There are at least five stories here: first, the human one. Two Estonians living in London feel they are getting a bad rate from the banks if they send money back and forth to Estonia. Then they realise that one of them is about send some cash one way, while the other plans to send a similar sum the other. So, why not start an online operation that cut out the banks and enabled people to deal directly?

That lightbulb moment about 10 years ago means that Kristo Kaarmann and Taavet Hinrikus are now worth upwards of $2bn (£1.4bn) and $1bn respectively. This is how capitalism is supposed to work. In the words attributed to the 19th-century American poet Ralph Waldo Emerson, they built a better mousetrap and the world beat a path to their door.

Next, there is a story about London’s future as a financial centre. There has been a wall of sound about the impact of leaving the EU, business going to Paris, Dublin, Amsterdam and so on. As it has turned out, the losses so far are quite small; but a much more important issue is whether the city is attracting new types of business, rather than losing ground in established areas.

Companies seeking to go public have tended to go to New York, rather than London; while one that did choose London – Deliveroo – found its shares languishing. It is now 16 per cent up on the launch price at the end of March, but the poor reception suggested to many that London was a bad place to launch a high-tech business. Now, that memory has been expunged, with Wise shares more than 10 per cent higher than at the launch yesterday.

Third, is a key part of the so-called “fintech boom” – using technology to improve financial services and create new ones. This is one of the hottest areas of entrepreneurship, and a really important one for London. Last year, the UK was second to the US in the number of new fintech “unicorns” – new public companies with a value of more than $1bn. But we only had nine, against America’s 36. Third was India with five, and fourth China with four. We need to close the gap.

Fourthly, there is the question of the efficiency of financial services more generally. The mark-up that banks charge on foreign exchange is particularly high for retail customers, though not as high as you find at airport currency kiosks. Large commercial customers can deal very close to market rates, but the rest of us can’t. So Wise is in a sense a democratising force, enabling little people to get as good a deal as the big ones.

It can do so because it does not carry the overheads of a legacy financial services enterprise. There are no marble-lined banking halls or gleaming tower block offices. Its headquarters are on the 6th floor of a former warehouse on east London’s Shoreditch High Street.

The challenge to the rest of the industry is to find ways of giving better services for less money. The entire financial services business has been scrambling to cut costs, as we have seen with the string of bank closures. But there are some areas of business, such as wealth management or pensions’ advice, where it has proved hard to do a decent service at an acceptable cost. And as far as pensions’ advice is concerned, too much of the advice is far from decent; some is downright fraudulent.

The problem is that foreign exchange is essentially a simple transaction, whereas financial advice is an ongoing and complex service. Nevertheless, technology ought to be able to improve things more generally. So we need more people like Kristo Kaarmann and Taavet Hinrikus.

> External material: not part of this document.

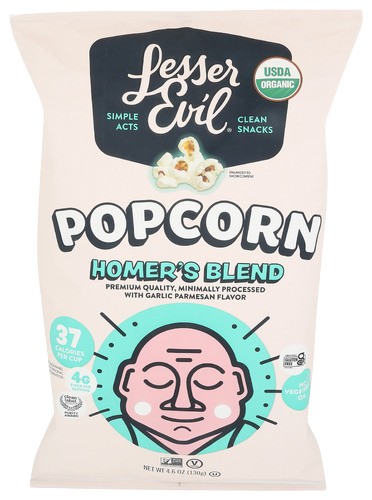 Lesser Evil Homers Blend Popcorn - 4.6 OZ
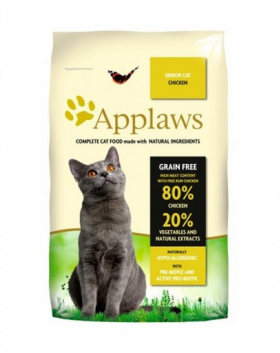 APPLAWS Cat Senior hrana uscata pisici senior, cu pui 2 kg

That leads to a final story: how London’s financial service industry has been massively influenced by immigration. To take just three examples, there was Nathan Rothschild, who arrived from Germany in 1798, founded the London branch of the family banking empire, and helped finance Wellington’s army at Waterloo.

There was Sir Sigmund Warburg, who was brought up in Germany, but left in 1934 soon after Hitler came to power, to found SG Warburg & Co and revolutionise City merchant banking in the 1950s.

And there was Michael von Clemm, the American investment banker whose vision and drive turned Canary Wharf from a desolate site in docklands into the present massive financial hub.

The message is that as long at the city continues to welcome talented people from all over the world, it should be alright.